Why Are Counters Necessary?#

To answer questions like “How many orders came in today?” or “How many errors occurred this month?” you need cumulative data.

Analogy: Car Odometer

A car odometer never decreases. It doesn’t go back from 100,000 km to 90,000 km. Instead, if you want to know “how much did I drive this week?” you calculate the difference between Monday’s mileage and Sunday’s mileage.
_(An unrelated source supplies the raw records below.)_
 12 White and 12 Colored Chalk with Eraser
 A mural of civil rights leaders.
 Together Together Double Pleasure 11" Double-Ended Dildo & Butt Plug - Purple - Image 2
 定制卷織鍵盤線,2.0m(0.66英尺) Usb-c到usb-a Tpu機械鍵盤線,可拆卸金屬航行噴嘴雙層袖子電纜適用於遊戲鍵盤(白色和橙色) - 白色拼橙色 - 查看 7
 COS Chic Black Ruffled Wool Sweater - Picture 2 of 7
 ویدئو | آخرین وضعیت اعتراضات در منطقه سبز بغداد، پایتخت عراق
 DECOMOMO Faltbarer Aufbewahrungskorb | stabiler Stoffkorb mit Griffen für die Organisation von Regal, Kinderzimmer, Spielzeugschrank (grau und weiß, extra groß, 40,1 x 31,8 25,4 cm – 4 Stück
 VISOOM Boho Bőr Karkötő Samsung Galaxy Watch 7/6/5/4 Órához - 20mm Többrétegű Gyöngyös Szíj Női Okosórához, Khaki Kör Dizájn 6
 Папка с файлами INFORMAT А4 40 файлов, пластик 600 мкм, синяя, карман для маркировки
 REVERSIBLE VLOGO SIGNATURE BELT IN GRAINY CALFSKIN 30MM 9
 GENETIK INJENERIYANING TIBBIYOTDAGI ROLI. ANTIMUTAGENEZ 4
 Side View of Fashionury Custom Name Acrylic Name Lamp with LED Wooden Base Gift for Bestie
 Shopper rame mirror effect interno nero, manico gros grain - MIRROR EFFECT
Counters work the same way. The raw value (1 million requests) has little meaning - you need to calculate rate of change over time with rate() or increase() to make it useful.

Characteristics#

graph LR
    subgraph "Counter Behavior"
        A["Start: 0"] --> B["Request 1: 1"]
        B --> C["Request 2: 2"]
        C --> D["Request 3: 3"]
        D --> E["Restart: 0"]
        E --> F["Request 4: 1"]
    end

Usage Example#

// Spring Boot + Micrometer
@RestController
public class OrderController {
    private final Counter orderCounter;

    public OrderController(MeterRegistry registry) {
        this.orderCounter = Counter.builder("orders_total")
            .description("Total number of orders")
            .tag("status", "created")
            .register(registry);
    }

    @PostMapping("/orders")
    public Order createOrder(@RequestBody OrderRequest request) {
        Order order = orderService.create(request);
        orderCounter.increment();  // Increment by 1
        return order;
    }
}

Metric Output:

orders_total{status="created"} 1523

PromQL Usage#

# Raw value (meaningless - just cumulative)
orders_total

# Requests per second (5 minute average)
rate(orders_total[5m])

# Total requests in 5 minutes
increase(orders_total[5m])

# Requests per hour
increase(orders_total[1h])

Naming Convention#

# Recommended: _total suffix
http_requests_total
orders_created_total
errors_total

# Not recommended
http_requests_count  # _count is for Histogram/Summary internal use

When to Use?#

• Request/event counts
• Error occurrence counts
• Processed bytes
• Completed task counts

Gauge#

Definition#

A current state value. Can increase or decrease.

Characteristics#

graph LR
    subgraph "Gauge Behavior"
        A["Memory: 50%"] --> B["Increase: 70%"]
        B --> C["Decrease: 45%"]
        C --> D["Increase: 80%"]
    end

Usage Example#

// Current number of requests being processed
@Component
public class RequestGauge {
    private final AtomicInteger inProgress = new AtomicInteger(0);

    public RequestGauge(MeterRegistry registry) {
        Gauge.builder("http_requests_in_progress", inProgress, AtomicInteger::get)
            .description("Requests currently being processed")
            .register(registry);
    }

    public void requestStarted() {
        inProgress.incrementAndGet();
    }

    public void requestFinished() {
        inProgress.decrementAndGet();
    }
}

Metric Output:

http_requests_in_progress 42

PromQL Usage#

# Current value
http_requests_in_progress

# Average (across multiple instances)
avg(http_requests_in_progress)

# Maximum value
max(http_requests_in_progress)

# Change over time (for debugging)
deriv(http_requests_in_progress[5m])

When to Use?#

• CPU/memory usage
• Current connection count
• Queue size
• Physical measurements like temperature, speed
• Configuration values (version info, etc.)

Histogram#

Definition#

Measures value distribution in buckets (ranges). Used when distribution matters, like response times or request sizes.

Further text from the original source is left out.